▶ DATASET
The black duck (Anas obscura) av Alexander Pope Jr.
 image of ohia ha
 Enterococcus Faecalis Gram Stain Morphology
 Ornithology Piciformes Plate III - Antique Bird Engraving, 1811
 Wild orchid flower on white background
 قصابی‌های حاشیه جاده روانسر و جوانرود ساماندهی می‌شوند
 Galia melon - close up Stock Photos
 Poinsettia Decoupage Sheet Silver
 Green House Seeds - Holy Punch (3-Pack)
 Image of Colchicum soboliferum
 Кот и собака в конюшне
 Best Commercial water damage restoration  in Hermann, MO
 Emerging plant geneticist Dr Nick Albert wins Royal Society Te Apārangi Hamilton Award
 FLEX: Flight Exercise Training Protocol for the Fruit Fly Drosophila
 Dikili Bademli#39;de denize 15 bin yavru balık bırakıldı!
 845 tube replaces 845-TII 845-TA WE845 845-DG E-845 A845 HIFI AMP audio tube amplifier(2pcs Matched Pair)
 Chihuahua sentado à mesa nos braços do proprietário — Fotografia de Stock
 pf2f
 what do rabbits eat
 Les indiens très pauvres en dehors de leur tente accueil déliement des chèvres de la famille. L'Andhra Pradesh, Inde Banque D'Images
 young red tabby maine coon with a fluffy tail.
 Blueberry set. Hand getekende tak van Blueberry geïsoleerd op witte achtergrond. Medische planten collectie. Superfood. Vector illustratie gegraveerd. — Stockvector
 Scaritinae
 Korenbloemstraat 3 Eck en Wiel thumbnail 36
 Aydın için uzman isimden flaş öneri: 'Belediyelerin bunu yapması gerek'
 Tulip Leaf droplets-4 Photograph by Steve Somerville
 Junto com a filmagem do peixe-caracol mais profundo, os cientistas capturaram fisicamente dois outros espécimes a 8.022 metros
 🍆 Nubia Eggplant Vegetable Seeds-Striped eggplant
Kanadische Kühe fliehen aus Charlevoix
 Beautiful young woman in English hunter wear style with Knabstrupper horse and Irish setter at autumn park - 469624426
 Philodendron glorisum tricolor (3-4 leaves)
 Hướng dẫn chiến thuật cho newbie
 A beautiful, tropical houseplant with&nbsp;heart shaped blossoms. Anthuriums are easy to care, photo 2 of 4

▶ WORK TO COMPLETE
Print the lines above, unchanged, from the start of the records to the line with "Best Commercial water", including that final line.

▶ RESPONSE TO THE EXERCISE
The black duck (Anas obscura) av Alexander Pope Jr.
 image of ohia ha
 Enterococcus Faecalis Gram Stain Morphology
 Ornithology Piciformes Plate III - Antique Bird Engraving, 1811
 Wild orchid flower on white background
 قصابی‌های حاشیه جاده روانسر و جوانرود ساماندهی می‌شوند
 Galia melon - close up Stock Photos
 Poinsettia Decoupage Sheet Silver
 Green House Seeds - Holy Punch (3-Pack)
 Image of Colchicum soboliferum
 Кот и собака в конюшне
 Best Commercial water damage restoration  in Hermann, MO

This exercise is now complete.